Trade missions to China, Korea, Japan designed to put economic value of state up front
The Los Angeles Daily News is reporting that California Gov. Arnold Schwarzenegger and L.A.-area officials and business leaders are going to Asia this week on separate trade missions with the same goal – bringing home investment and jobs.
Schwarzenegger was going to China, Japan and South Korea in a trip his office said would bring more commerce for the state.
Lancaster, CA officials were off to China to BYD, a Chinese manufacturer of electric cars and solar panels, to build a manufacturing plant in the Antelope Valley.
"That would be a jewel," Jack Kyser, chief economic adviser for the Southern California Association of Governments, said of the BYD possibility.
BYD announced in April that it plans to establish its North American headquarters on Figueroa Street in downtown Los Angeles.
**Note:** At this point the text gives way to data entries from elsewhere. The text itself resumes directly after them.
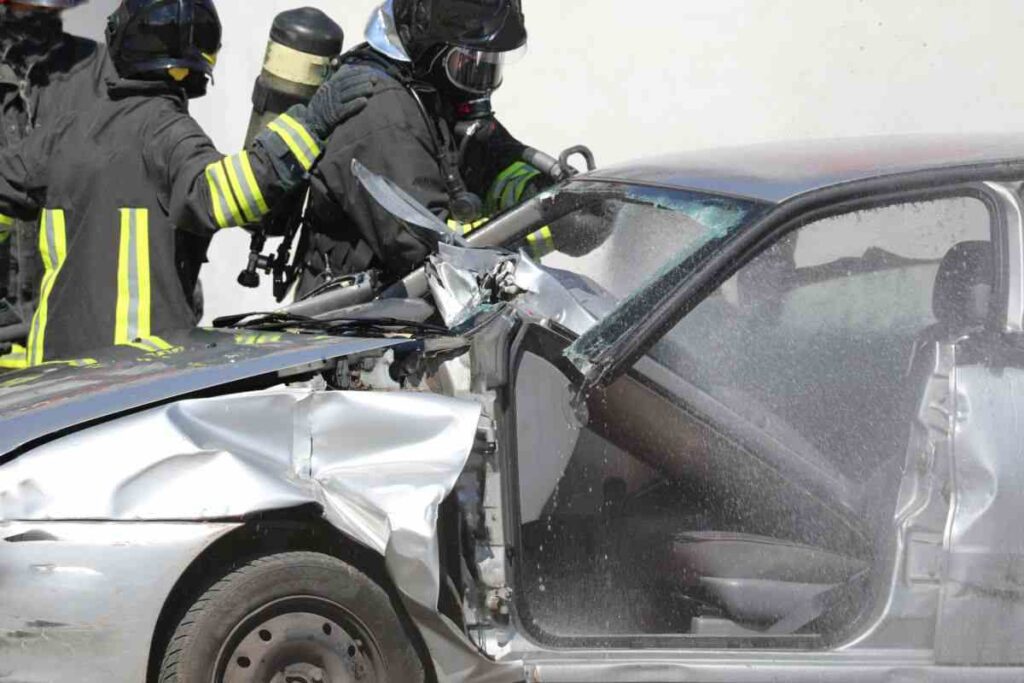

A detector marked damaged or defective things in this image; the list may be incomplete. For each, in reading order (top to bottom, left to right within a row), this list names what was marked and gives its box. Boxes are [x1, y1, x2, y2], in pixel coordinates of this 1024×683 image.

shattered windshield [536, 184, 768, 324] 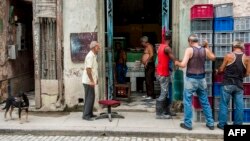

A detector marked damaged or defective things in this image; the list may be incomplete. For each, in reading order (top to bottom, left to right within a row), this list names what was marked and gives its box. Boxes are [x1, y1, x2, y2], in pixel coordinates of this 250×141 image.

peeling paint wall [62, 0, 98, 107] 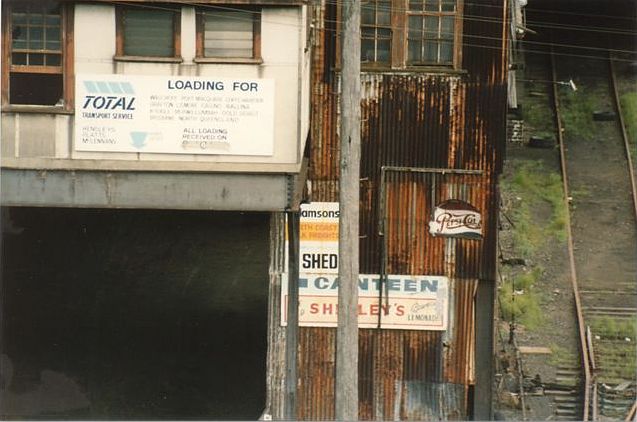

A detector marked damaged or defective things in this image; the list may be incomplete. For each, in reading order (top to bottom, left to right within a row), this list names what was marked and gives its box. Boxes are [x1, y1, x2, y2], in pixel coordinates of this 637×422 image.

rusty corrugated iron [294, 0, 506, 416] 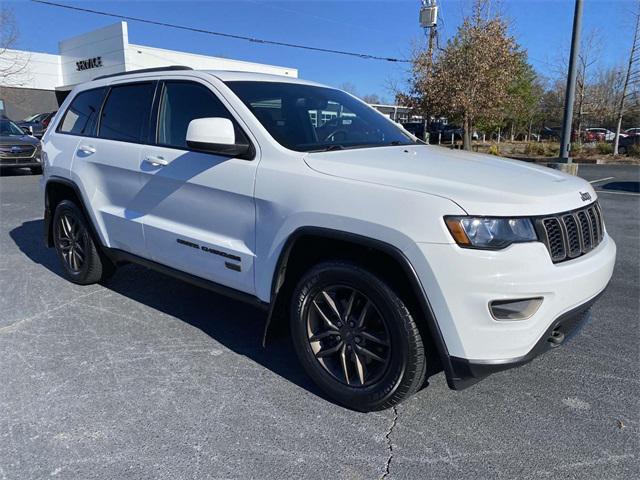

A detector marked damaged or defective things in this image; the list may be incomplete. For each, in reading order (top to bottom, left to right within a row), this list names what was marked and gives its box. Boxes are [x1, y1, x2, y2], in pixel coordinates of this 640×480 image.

crack in asphalt [380, 404, 396, 480] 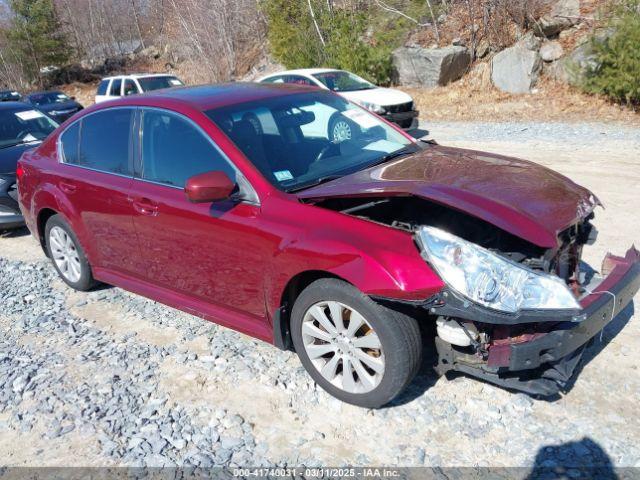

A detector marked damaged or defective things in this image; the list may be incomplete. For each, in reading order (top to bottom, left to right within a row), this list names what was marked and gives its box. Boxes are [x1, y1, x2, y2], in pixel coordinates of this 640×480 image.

crumpled hood [298, 145, 596, 249]
damaged front end [316, 195, 640, 398]
exposed headlight [418, 226, 584, 314]
detached bumper [432, 246, 636, 396] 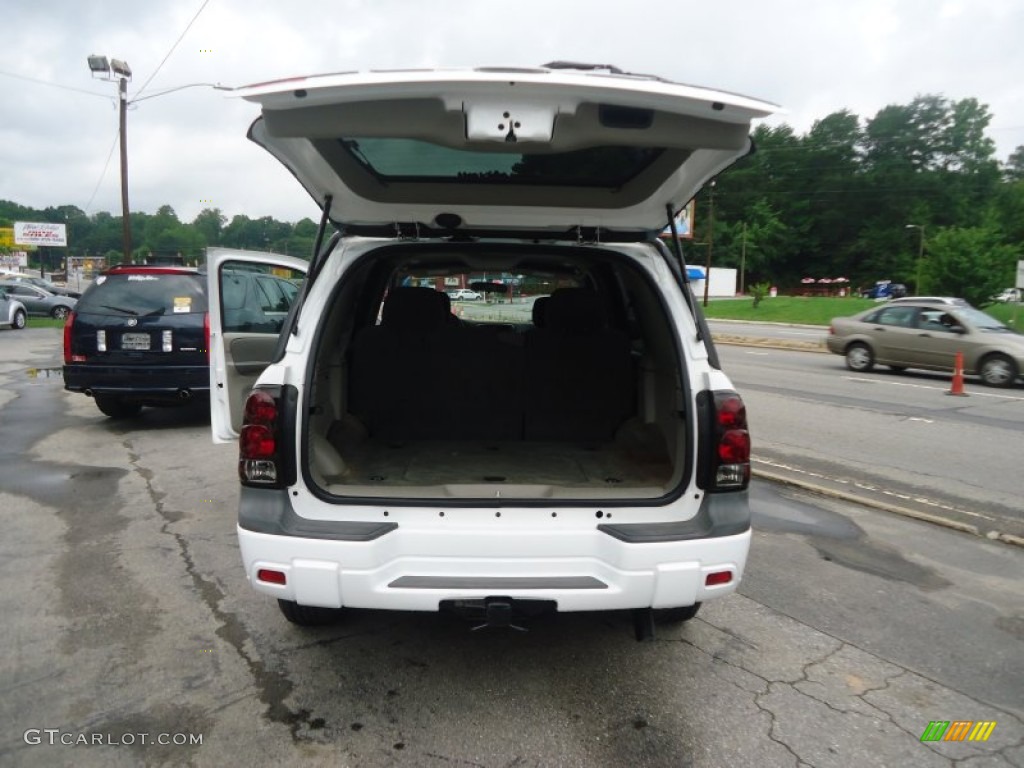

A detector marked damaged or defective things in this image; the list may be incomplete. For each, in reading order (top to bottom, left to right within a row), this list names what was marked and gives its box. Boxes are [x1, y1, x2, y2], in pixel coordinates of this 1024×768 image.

cracked pavement [0, 328, 1020, 764] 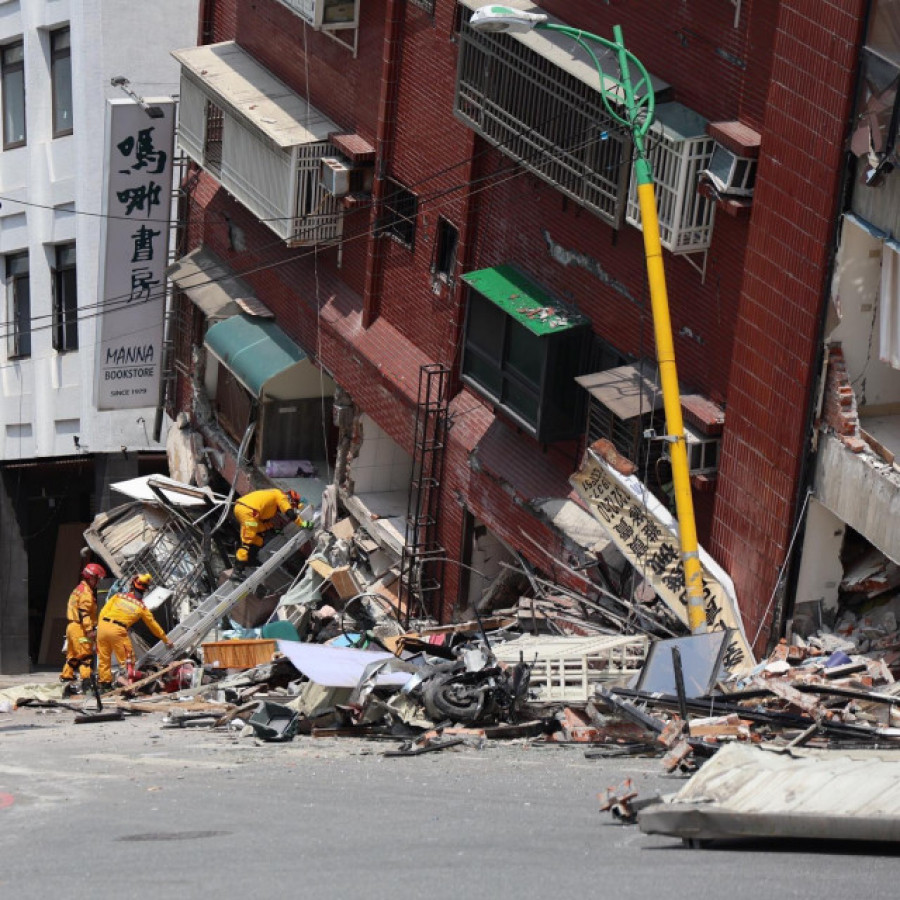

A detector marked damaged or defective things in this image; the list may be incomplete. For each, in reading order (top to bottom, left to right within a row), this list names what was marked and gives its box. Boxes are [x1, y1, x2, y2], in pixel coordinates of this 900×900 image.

damaged awning [166, 246, 270, 324]
damaged awning [204, 316, 306, 400]
damaged awning [460, 268, 588, 338]
bent street pole [472, 7, 712, 632]
damaged awning [572, 360, 664, 420]
earthquake damage [5, 458, 900, 852] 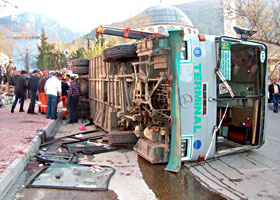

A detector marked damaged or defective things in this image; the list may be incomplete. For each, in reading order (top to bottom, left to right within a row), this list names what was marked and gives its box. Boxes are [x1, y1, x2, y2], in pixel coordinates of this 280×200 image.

overturned bus [81, 26, 266, 172] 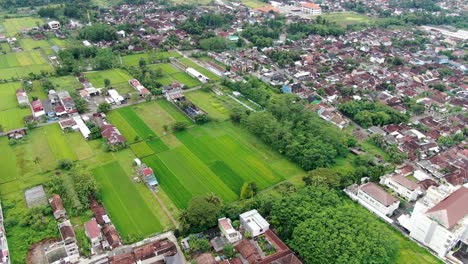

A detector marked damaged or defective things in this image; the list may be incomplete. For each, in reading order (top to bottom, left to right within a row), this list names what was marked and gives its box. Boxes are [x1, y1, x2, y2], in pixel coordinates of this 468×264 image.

house with rusty roof [396, 185, 468, 256]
Deputy Mayor Austin Beutner, who negotiated that deal, said he will not be on this trip but plans a trip to China later this year.
Lancaster officials said Tuesday their vision extends beyond the possibility of BYD building a factory in the High Desert.
"I have hopes of (attracting) manufacturing plants," Lancaster Mayor Mayor R. Rex Parris said, emphasizing the plural. "We're not just talking with BYD."
Los Angeles County Supervisor Michael Antonovich, who will join the Lancaster contingent on the trip, said representatives are "working very hard" on completing a BYD deal.
That could be very good news for Lancaster, where an unemployment rate topping 18% makes it one of the California cities bitten hardest by the bad economy.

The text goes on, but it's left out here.